◆ **TASK REQUIREMENTS**:
Below are entries. Reproduce exactly the lines between the line holding "DIESEL KROOLEY-Y-T JOGG" and the line holding "Немецкий язык (Deutsch), 3", inclusive, and only those.

** Opening RECORD SET block **

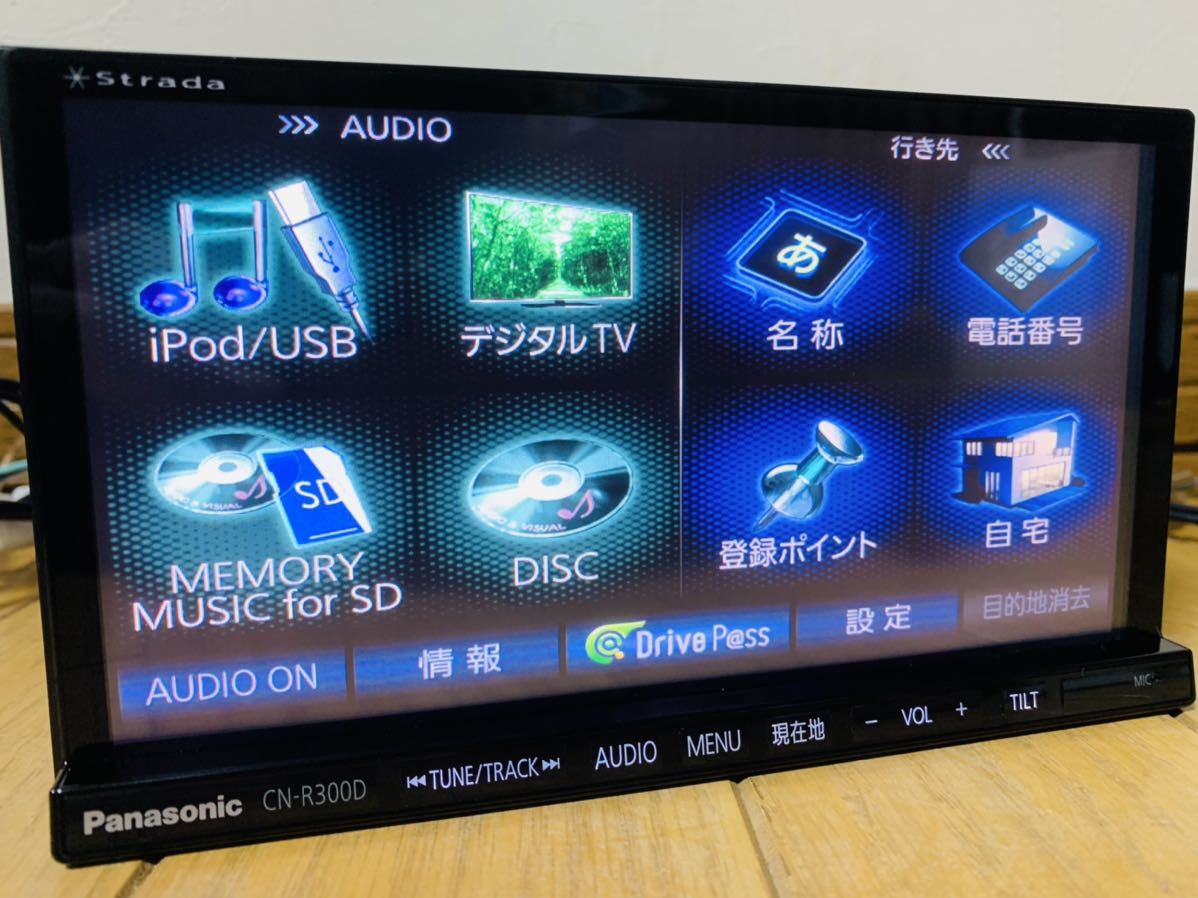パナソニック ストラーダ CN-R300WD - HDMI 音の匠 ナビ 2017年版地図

** Closing RECORD SET block **
** Opening RECORD SET block **

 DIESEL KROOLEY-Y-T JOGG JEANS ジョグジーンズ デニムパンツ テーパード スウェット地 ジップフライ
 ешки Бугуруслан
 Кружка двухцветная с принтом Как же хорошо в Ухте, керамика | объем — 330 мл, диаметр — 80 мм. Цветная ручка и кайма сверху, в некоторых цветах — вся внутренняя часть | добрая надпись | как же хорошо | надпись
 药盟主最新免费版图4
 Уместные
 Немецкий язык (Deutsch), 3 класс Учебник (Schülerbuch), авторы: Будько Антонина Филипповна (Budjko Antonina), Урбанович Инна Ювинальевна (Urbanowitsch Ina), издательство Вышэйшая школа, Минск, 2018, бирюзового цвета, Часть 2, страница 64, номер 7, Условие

** Closing RECORD SET block **
** Opening RECORD SET block **

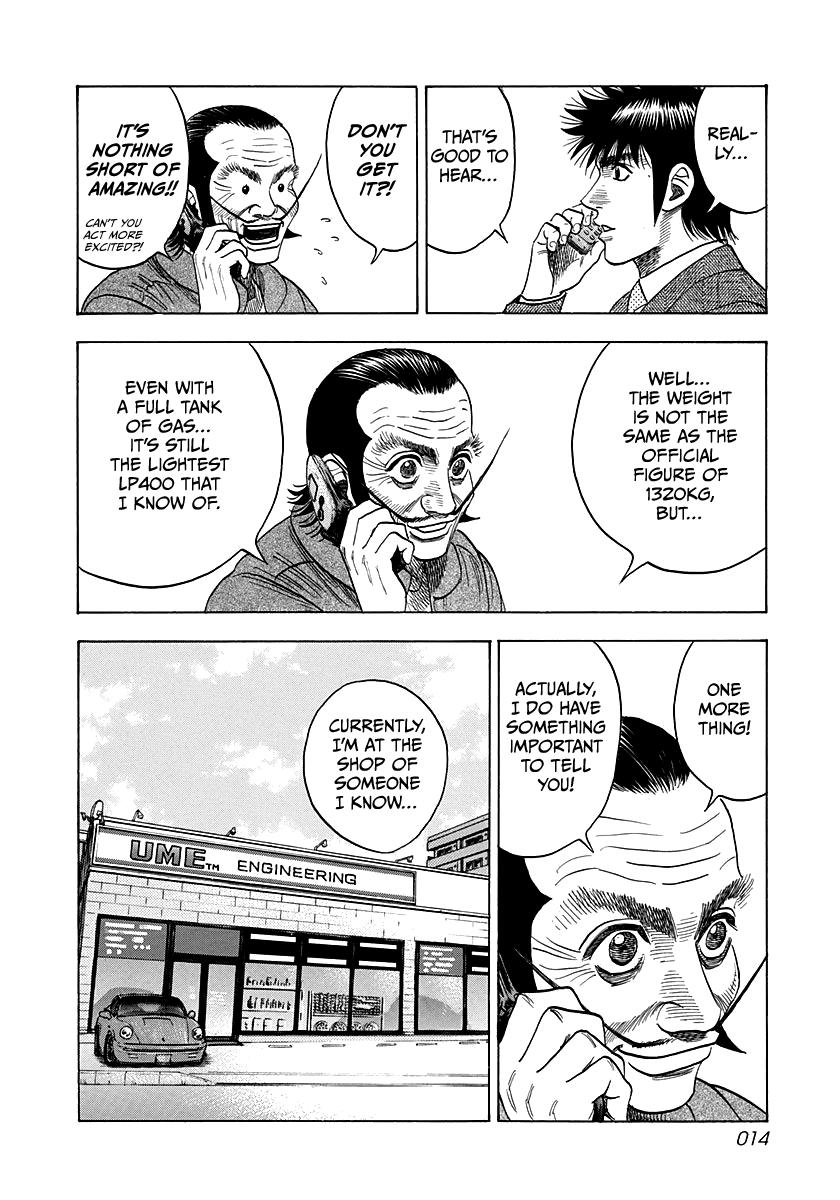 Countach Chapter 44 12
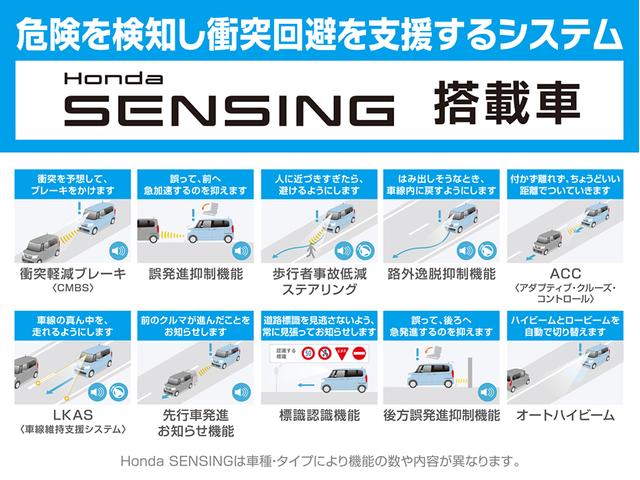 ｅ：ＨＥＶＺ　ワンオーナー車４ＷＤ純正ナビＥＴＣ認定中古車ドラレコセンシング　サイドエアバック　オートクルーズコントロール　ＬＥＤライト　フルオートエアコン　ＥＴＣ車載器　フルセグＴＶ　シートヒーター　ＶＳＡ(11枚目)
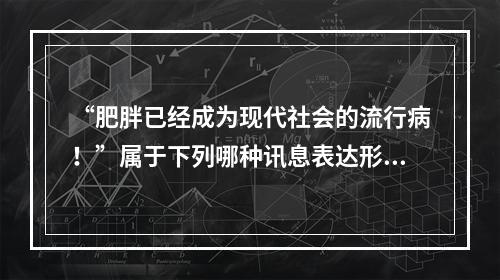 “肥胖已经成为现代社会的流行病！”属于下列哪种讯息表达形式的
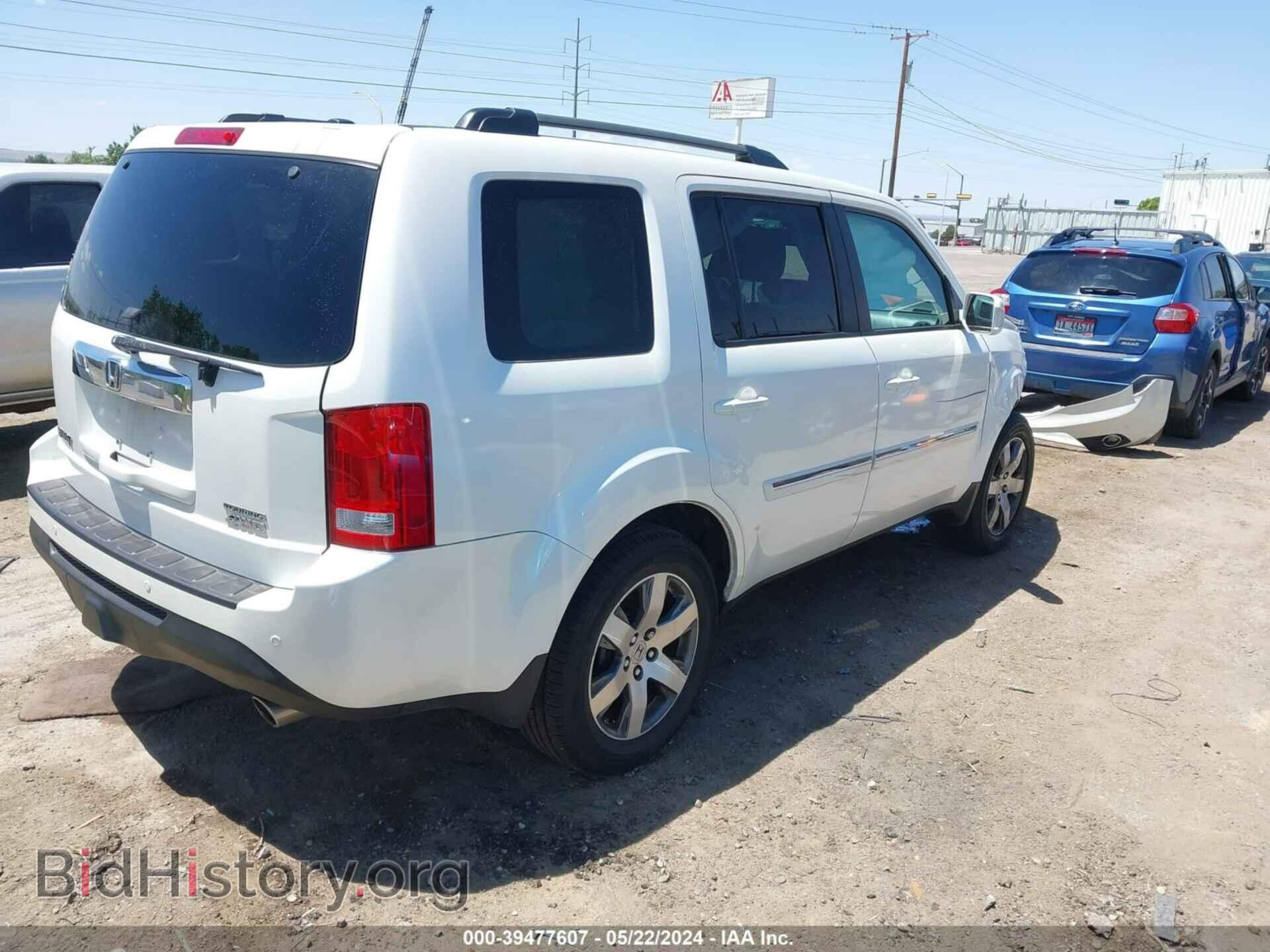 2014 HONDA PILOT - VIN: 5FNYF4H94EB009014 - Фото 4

** Closing RECORD SET block **

◆ **THE COMPLETED TASK**:
 DIESEL KROOLEY-Y-T JOGG JEANS ジョグジーンズ デニムパンツ テーパード スウェット地 ジップフライ
 ешки Бугуруслан
 Кружка двухцветная с принтом Как же хорошо в Ухте, керамика | объем — 330 мл, диаметр — 80 мм. Цветная ручка и кайма сверху, в некоторых цветах — вся внутренняя часть | добрая надпись | как же хорошо | надпись
 药盟主最新免费版图4
 Уместные
 Немецкий язык (Deutsch), 3 класс Учебник (Schülerbuch), авторы: Будько Антонина Филипповна (Budjko Antonina), Урбанович Инна Ювинальевна (Urbanowitsch Ina), издательство Вышэйшая школа, Минск, 2018, бирюзового цвета, Часть 2, страница 64, номер 7, Условие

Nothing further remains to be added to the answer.